Record set –

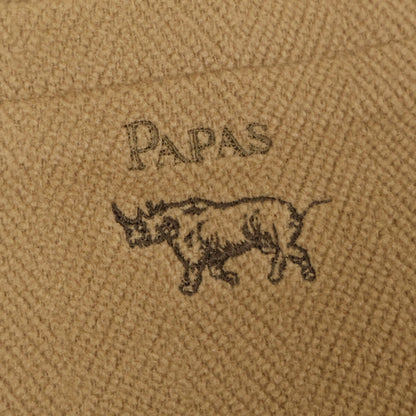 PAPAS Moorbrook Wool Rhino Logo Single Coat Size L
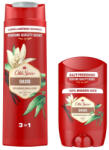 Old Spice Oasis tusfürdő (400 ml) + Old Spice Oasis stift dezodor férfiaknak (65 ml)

---

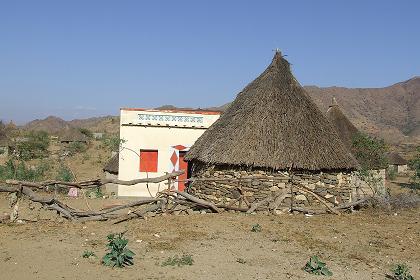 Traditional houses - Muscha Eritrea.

Directions for this task – Write down exactly what the lines above say, from the line holding "PAPAS Moorbrook Wool" through the line holding "Old Spice Oasis tusfürdő", and nothing more. Do not copy the pictures.

Answer to the problem –
 PAPAS Moorbrook Wool Rhino Logo Single Coat Size L
 Old Spice Oasis tusfürdő (400 ml) + Old Spice Oasis stift dezodor férfiaknak (65 ml)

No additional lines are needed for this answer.